Mon | Jun 25, 2018

George Davis | Ninja Man's ultimate clash with 'Justice'

Published:Tuesday | December 26, 2017 | 12:00 AM

So Ninja Man is gone for life. Even if you accept that he’s eligible for parole after 25 years, that length of time in or outside of prison is a lifetime. So whether he wants to or not, the man born  Desmond John Ballentyne in Annotto Bay, St Mary on January 24, 1966, will be a new man by the time he rejoins the ranks of taxpayers. Though he only passed sentence, Justice Martin Gayle has secured a special place in the annals of dancehall music for having silenced, subdued and confined Ninja Man to an undesirable place, a feat which many men before him have tried and failed to accomplish. The courtroom, like the dancehall stage, is familiar territory for Jamaican music’s undisputed Don Gorgon. Sting was his customised and personalised battlefield. From the brothers Red Dragon and Flourgon in 1988, the legendary Shabba Ranks in 1990, the revered Super Cat in 1991, Ninja Man has strode through the battlefield, plunging his lyrical bayonet into the heart of many who felt they had a just claim to be regarded as dancehall’s number one. Of course it wasn’t all flawless victories for ‘Ninja’ as Sting has also been the scene of some of his most spectacular failures.

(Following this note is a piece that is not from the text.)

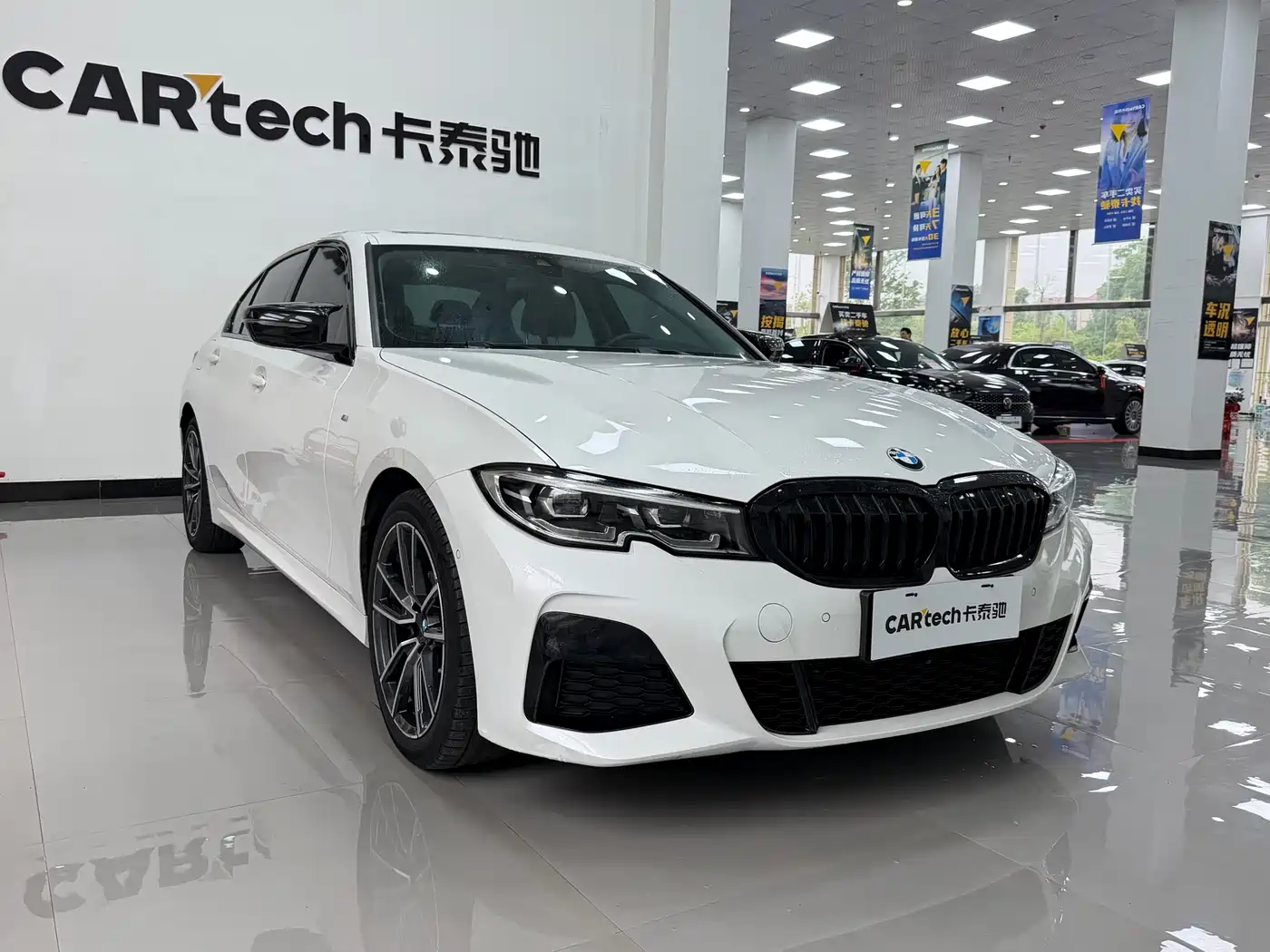 BMW 3 Series 2021 325Li M Sport Package фото 3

A deejay from Braeton in St Catherine, Mad Cobra, stunned the dancehall when he bested Ninja at Sting 95. Most dancehall fans felt ‘Cobra’ to be mad and foolish to effectively be sacrificing a budding career by going to Sting, of all places, to challenge ‘Ninja’. But smarting from the defeat at Sting and eager to prove to his fans that the outcome was a mere glitch in the matrix, Ninja Man challenged Mad Cobra a few months later at ‘Fresh 96’.

‘Cobra’ cemented his standing as one of ‘clash dancehall’s’ finest when he repeated the trick, making the Don Gorgon look like a man who needed urgent rehabilitation from crack/cocaine addiction. Ninja Man is famous for using gimmicks in lyrics and adapting the melodies of popular songs to ‘murder’ his opponents. ‘Cobra’ kicked Ninja’s feet from beneath him with a song performed to the melody of the generational cartoon, ‘The Flintstones’. And even though ‘Cobra’ killed him lyrically and despite him confessing publicly about his addiction to crack/cocaine, Jamaicans loved Ninja Man. Their love for him perhaps grew after the incident at Sting 2003, when a rising Vybz Kartel, Ninja Man’s grandson in clash-dancehall and a man young enough to be his biological son, kicked him in the face during a fight on stage. They love him in the way boxing fans do Mike Tyson, despite watching his career being blemished by a rape conviction and losses in the ring, where he was knocked out by James ‘Buster’ Douglas, Lennox Lewis and others. Iron Mike will always be the most devastating thing many have ever seen inside a boxing ring and Ninja Man will remain the most charismatic, witty, charming and devilish deejay many will ever see performing music on a stage.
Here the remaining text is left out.